**Problem statement:**
Exactly as they appear, transcribe the entries and skip any pictures.

────────────────

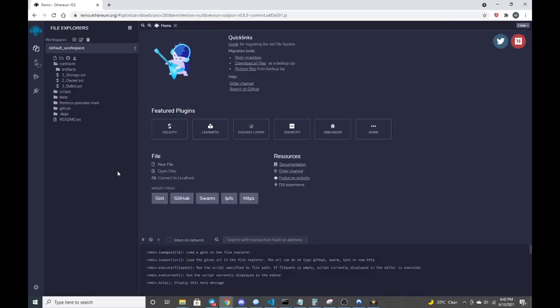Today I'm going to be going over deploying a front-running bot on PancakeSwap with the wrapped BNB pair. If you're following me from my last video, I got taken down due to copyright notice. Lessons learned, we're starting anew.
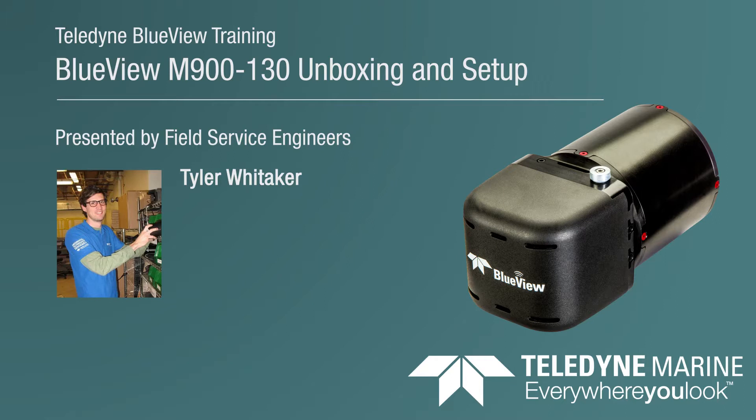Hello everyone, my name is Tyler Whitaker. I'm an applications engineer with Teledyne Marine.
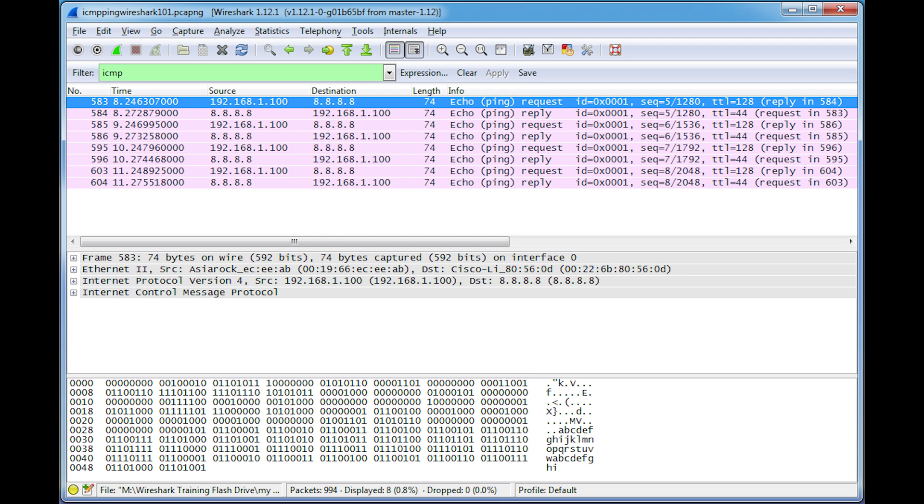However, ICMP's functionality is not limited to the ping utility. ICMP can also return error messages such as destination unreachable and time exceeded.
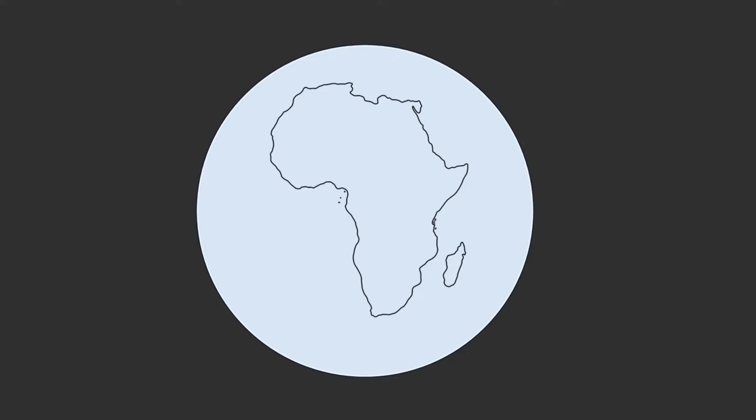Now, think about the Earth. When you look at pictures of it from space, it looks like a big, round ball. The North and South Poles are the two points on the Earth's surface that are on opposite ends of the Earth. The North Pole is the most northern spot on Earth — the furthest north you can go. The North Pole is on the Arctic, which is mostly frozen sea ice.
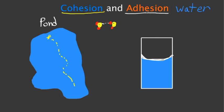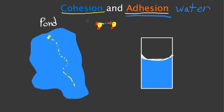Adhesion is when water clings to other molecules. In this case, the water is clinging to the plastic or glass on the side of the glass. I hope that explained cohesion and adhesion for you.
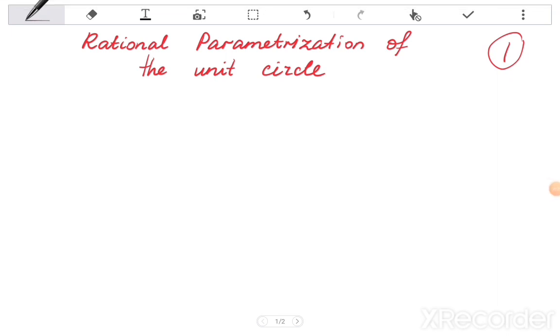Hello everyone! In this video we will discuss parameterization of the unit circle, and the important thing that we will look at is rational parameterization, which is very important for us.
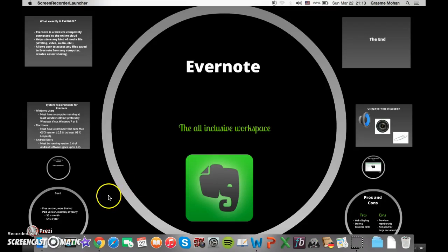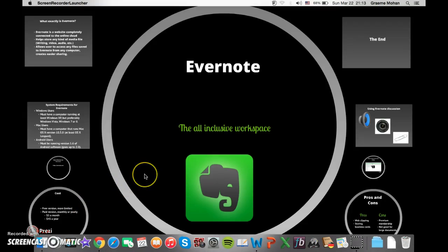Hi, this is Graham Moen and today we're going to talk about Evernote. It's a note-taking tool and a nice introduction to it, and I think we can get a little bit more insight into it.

────────────────

**Task response:**
Today I'm going to be going over deploying a front-running bot on PancakeSwap with the wrapped BNB pair. If you're following me from my last video, I got taken down due to copyright notice. Lessons learned, we're starting anew.
Hello everyone, my name is Tyler Whitaker. I'm an applications engineer with Teledyne Marine.
However, ICMP's functionality is not limited to the ping utility. ICMP can also return error messages such as destination unreachable and time exceeded.
Now, think about the Earth. When you look at pictures of it from space, it looks like a big, round ball. The North and South Poles are the two points on the Earth's surface that are on opposite ends of the Earth. The North Pole is the most northern spot on Earth — the furthest north you can go. The North Pole is on the Arctic, which is mostly frozen sea ice.
Adhesion is when water clings to other molecules. In this case, the water is clinging to the plastic or glass on the side of the glass. I hope that explained cohesion and adhesion for you.
Hello everyone! In this video we will discuss parameterization of the unit circle, and the important thing that we will look at is rational parameterization, which is very important for us.
Hi, this is Graham Moen and today we're going to talk about Evernote. It's a note-taking tool and a nice introduction to it, and I think we can get a little bit more insight into it.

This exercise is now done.